En 2009, el Ministerio del Ambiente creó el Grupo Nacional de Trabajo sobre el Cóndor Andino como un colectivo de organizaciones expertas en la temática. Las fundaciones Jocotoco y Cóndor Andino hacen parte de él. Como autoridad nacional, dicho ministerio lidera actualmente el proceso de implementación de un plan de acción para la conservación del ave emblemática. Entre las líneas de acción están la investigación y monitoreo, la identificación de amenazas, el mantenimiento sustentable del hábitat, el fortalecimiento de la población silvestre mediante la reintroducción de ejemplares criados en cautiverio, la educación ambiental y la sensibilización sobre la importancia de su conservación. “El plan está en diferentes fases de cumplimiento, y no hay una verdadera evaluación de parte de las autoridades”, dice Kohn. “Pero la mayor debilidad es que no hay un presupuesto para la ejecución, no hay ningún apoyo de parte del Estado”.

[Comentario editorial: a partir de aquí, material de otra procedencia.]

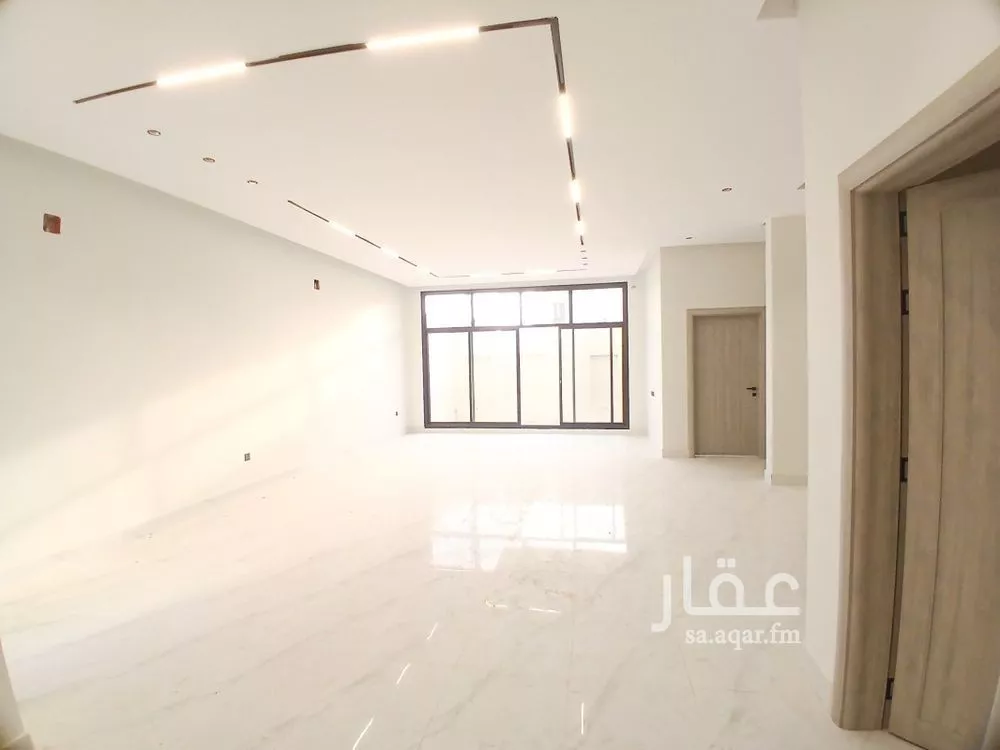 7 bedroom duplex in Dhahrat Namar 4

Viendo hacia el oeste desde el centro de la reserva Chakana, el horizonte es un vasto tapiz verde compuesto de parcelas trazadas con la gracia de alguna geometría providencial. En un día así de despejado, las siluetas de los volcanes Sincholagua, Rumiñahui y Pasochoa dibujan la secuencia cadenciosa de un vals. Caminamos en esa dirección hasta donde termina la planicie, para posarnos en la cima del peñón del Isco que antes habíamos visto desde el borde de la carretera. Lo que queda es instalarse en ese filo de páramo como frente a la pantalla más espléndida y esperar a que los cóndores —jóvenes con manchas café, adultos con bufanda blanca y la cresta pelada— despeguen de sus perchas y dormideros o lleguen por detrás, desde otro de los peñones de la reserva, y nos deleiten con su planeo refinado, con la rítmica oscilación de su cola, con las constelaciones que nos permiten imaginar cuando vuelan en grupo. Pasan diez o más por encima de nosotros, y entonces queremos que estas aves majestuosas que pueden vivir hasta 80 años en cautiverio y varios menos en estado silvestre dadas las múltiples amenazas, para nuestros hijos sigan siendo una historia de la vida real.